В принципе говоря, неверная психотерапия поощряла имевшиеся у Мэрилин формы зависимости, вместо того чтобы освобождать ее от них. Следующая картина Джона Хьюстона задумывалась как рассказ о Зигмунде Фрейде; Мэрилин была живо заинтересована ее реализацией, а режиссер хотел поручить ей там роль. Однако через несколько дней актриса призналась Хьюстону: «Не могу я выступить в этом фильме, потому что Анна Фрейд вообще не желает, чтобы он делался. Мне сказал об этом мой психоаналитик»[426].
Речь, однако, шла о более серьезных проявлениях зависимости Мэрилин. Ральф Робертс, Руперт Аллан и Сьюзен Страсберг с горечью вспоминают, что доктора Гринсон и Энгельберг не предприняли той осенью ни малейшей попытки отучить Мэрилин от барбитуратов и даже, по словам Ральфа, «в принципе, снабжали ими артистку».

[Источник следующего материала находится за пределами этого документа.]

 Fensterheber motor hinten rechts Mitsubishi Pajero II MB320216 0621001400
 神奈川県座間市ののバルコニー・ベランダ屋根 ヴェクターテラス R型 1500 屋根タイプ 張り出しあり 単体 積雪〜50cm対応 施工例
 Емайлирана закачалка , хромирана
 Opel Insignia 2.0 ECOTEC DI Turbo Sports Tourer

Когда мы приехали в Лос-Анджелес заканчивать «Неприкаянных», то договорились, что Мэрилин заскочит ко мне, и поэтому я отправился к Мэй Райс, чтобы забрать таблетки нембутала, которые доктора вручили ей с целью выделять их «по выдаче» Мэрилин. Вот я и взял их у Мэй и передач Мэрилин. А вскоре я сказал, что это просто глупость, и брал их напрямую от врачей, сразу принося Мэрилин. Насколько я понимаю, никому тогда и в голову не приходило, что все это может оказаться очень опасным.

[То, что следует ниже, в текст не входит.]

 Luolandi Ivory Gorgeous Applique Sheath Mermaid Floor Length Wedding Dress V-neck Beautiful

Осенью этого года, заканчивая студийную работу над своим последним фильмом, Мэрилин ежедневно, не исключая и выходных, приходила к доктору Гринсону. Его дочь и сын знали, что у отца имеются знаменитые клиенты; знали они и то, что отец отменил прием больных в кабинете, чтобы иметь возможность как можно быстрее отправиться с визитами по домам наиболее известных своих пациентов, среди которых Мэрилин стояла на первом месте.

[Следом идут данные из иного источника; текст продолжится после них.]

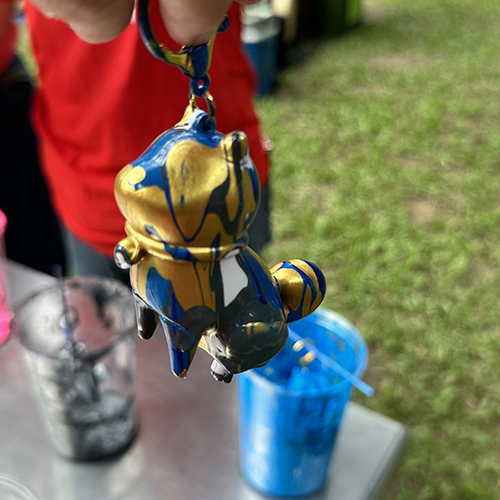 [開箱分享]13號｜貴氣爆棚的藍金｜流體吊飾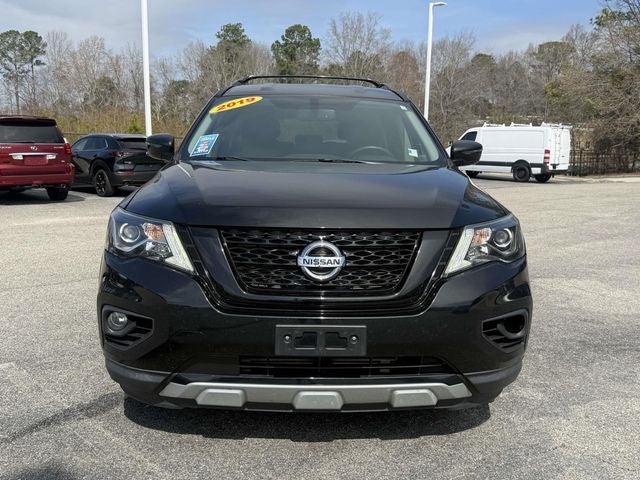 2019 Nissan Pathfinder SV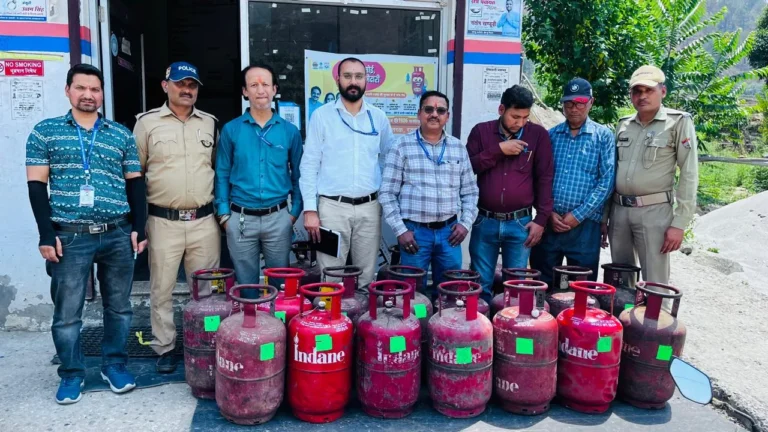 रुद्रप्रयाग में पूर्ति विभाग की बड़ी कार्रवाई, 15 घरेलू गैस सिलेंडर जब्त, होटल-ढाबों में घरेलू गैस सिलेंडरों के दुरुपयोग पर सख्ती, लगातार चलेगा अभियान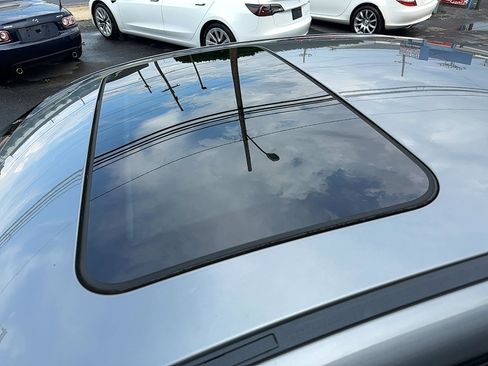 Used 2011 BMW 328i Sedan image 17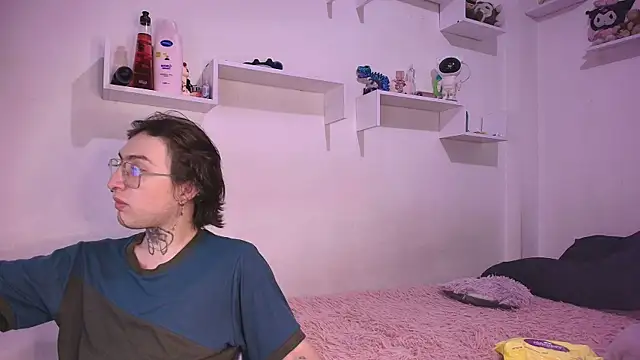 annyharriis online show from 11-18-25, 11:15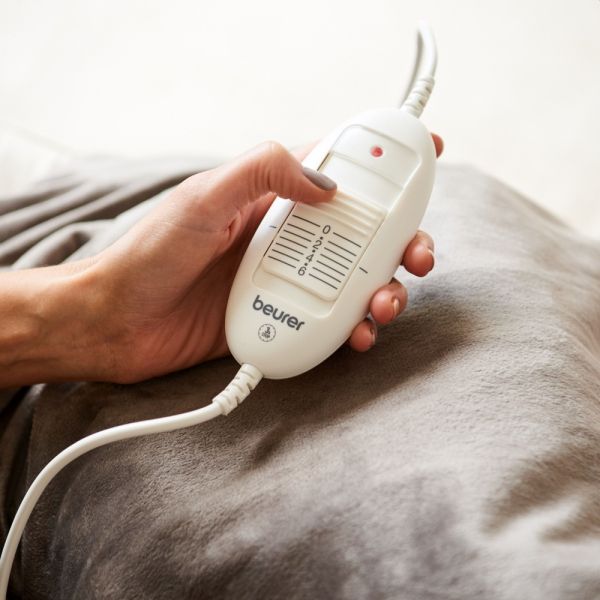 Термоподложка Beurer HD 75 Cosy Taupe Heated Overblanket; 6 temperature;auto switch-off 3 hours; removable switch; washable at 30°, Oko-Tex 100; 180(L)x130(W)cm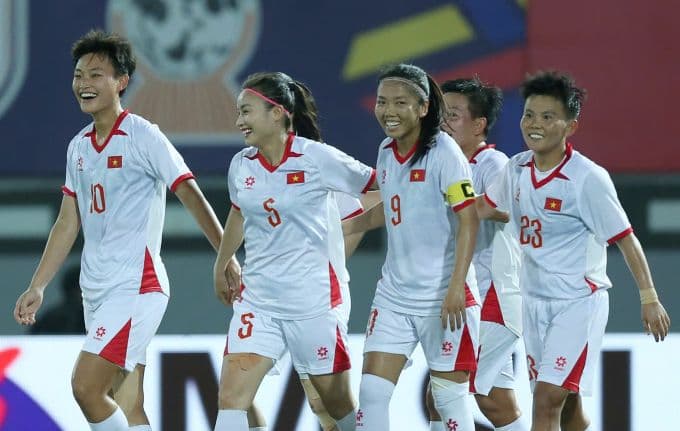 Tuyển nữ Việt Nam ăn mừng chiến thắng 7-0 trước Indonesia.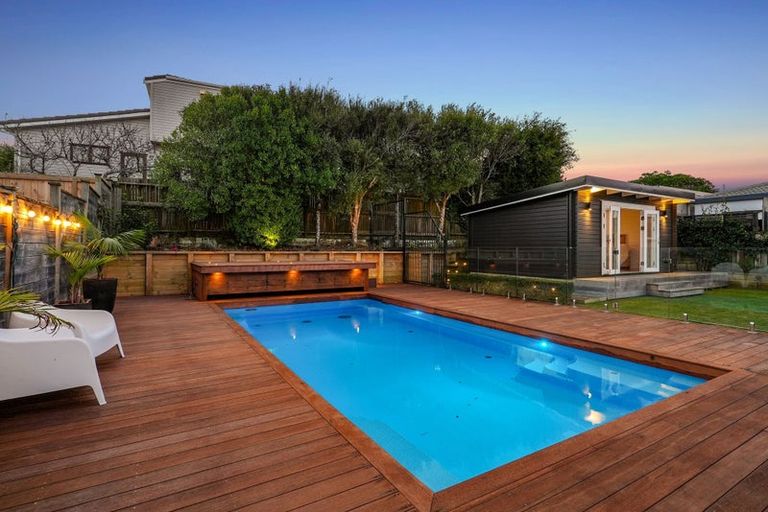 Photo of property in 2/41 Hastings Road, Mairangi Bay, Auckland, 0630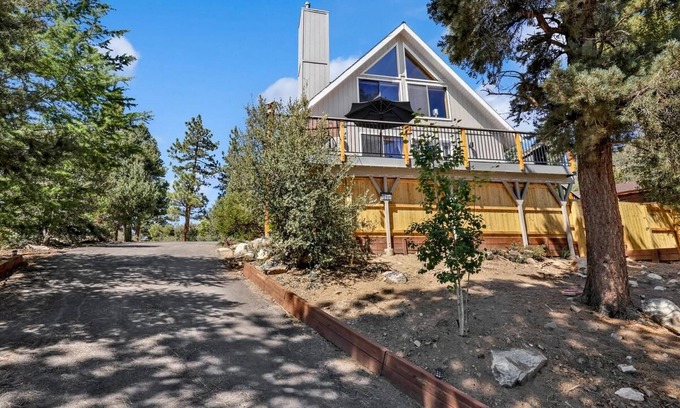 Whispering Forest Cabina | Chimney Peak Chalet #2048 by Big Bear Vacations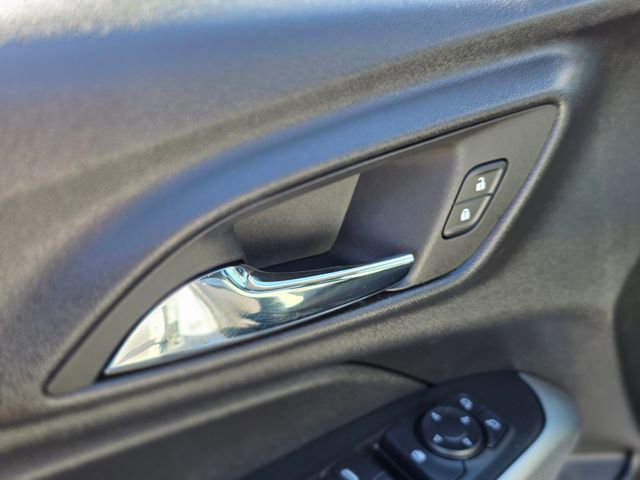 Used 2025 Chevrolet Trax LS image 20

Удивительно, насколько быстро между ними создалась взаимная зависимость, насколько быстро Гринсон отступился от профессиональной этики и утратил чувство ответственности за семью, за работу и за Мэрилин — совершив это по причинам, которые станут ясными только через год.
Первым сигналом грядущих неприятностей была обращенная им к дочери просьба заехать в аптеку и привезти оттуда лекарство в домик Миллеров, принадлежащий к комплексу зданий отеля «Беверли-Хилс», где сам он должен был проводить сеанс с Мэрилин; двери, скорее всего, откроет Артур, — сказал дочери Гринсон. Девушка, которой тогда было двадцать лет, сделала то, что от нее требовалось; она также познакомилась с Миллером и через приоткрытые двери увидела лежащую Мэрилин, которой Гринсон давал привезенное только что лекарство.
Поведение Гринсона являлось серьезным нарушением профессиональной тайны, раскрытием перед собственной семьей личности пациентки и первой осторожной, хотя и наглядной, попыткой включить актрису в свою семью. Вдобавок психиатр ничем не может оправдать втягивания дочери во всю эту историю, поскольку в аптеках имеются собственные системы доставки, а в отелях существуют курьеры. Подобное пренебрежение основами профессионального такта и неумение хранить врачебную тайну послужило только зачином будущего скандального обращения данного доктора со своей наиболее знаменитой пациенткой.